Following the marriage of Mr Darcy and Elizabeth Bennet, there’s a secret being kept, there is danger ahead, and there’s a honeymoon journey completely different from Lizzy’s expectations! Based on Jane Austen’s Pride and Prejudice, let Amanda take you on a journey of inner turmoil and outer beauty.
Starting with the marriage of Mr Darcy and Elizabeth, now Mrs Darcy, and a change of plans as soon as they have joined in holy matrimony when Mr Darcy announces that he doesn’t want to take Lizzy to Pemberley, but to Paris instead. What follows is a journey through different lands in Europe. But this journey unfortunately does not help to settle the worry our new Mrs Darcy is experiencing. Rather, her worry increases.
Why does Mr Darcy look pained when he is around her? And why doesn’t he wish to consummate their marriage? Has this all been a mistake?

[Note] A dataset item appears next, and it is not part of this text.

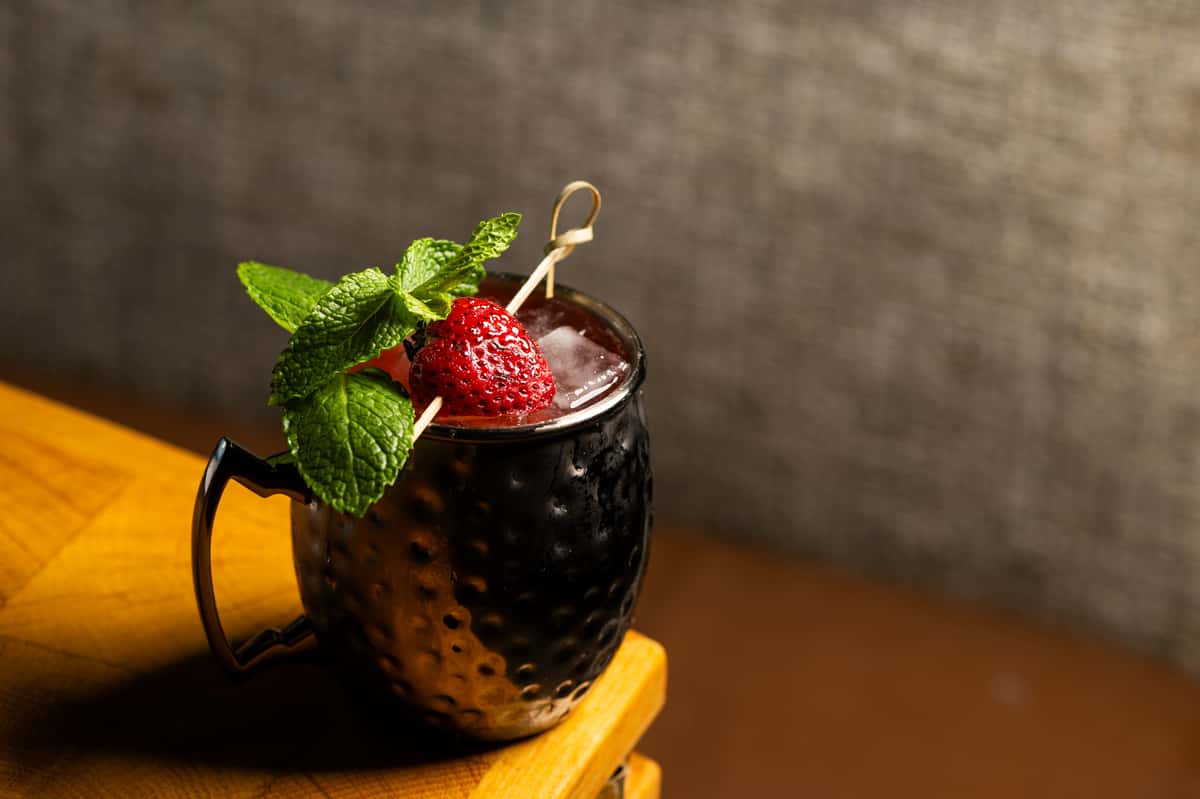 strawberry dreamin cocktail with a strawberry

Don’t let the title fool you. This novel is a travel journal, a travelling story, before anything else. In neat detail Amanda describes the new countries that the newly wed couple experience, as well as all the people and sceneries they meet along the way.
One of the main themes is that of suspense created by personal conflict. This starts as early as in chapter one, when Mr Darcy tells Elizabeth they will deviate from their original plans, which were to journey the Lake District for their honeymoon, and to go to Paris instead. Elizabeth is left to ponder her husband’s true motives for the change as well as his intentions behind them. To make matters worse, Paris turns out to be a place where she learns that those around them think she’s beneath them. Their social background is amplified, the differences between them pointed out once again, and Elizabeth is left to wonder if it might be the cause for her husband’s distant behaviour. On top of that, Mr Darcy is seeking advice on a problem he won’t share with her. The lack of trust between them and the secret that is kept from her weigh heavier upon them each day. If anything, the journey through Europe only manages to strengthen Elizabeth’s fears. Was their marriage a mistake? Does Mr Darcy regret his choices?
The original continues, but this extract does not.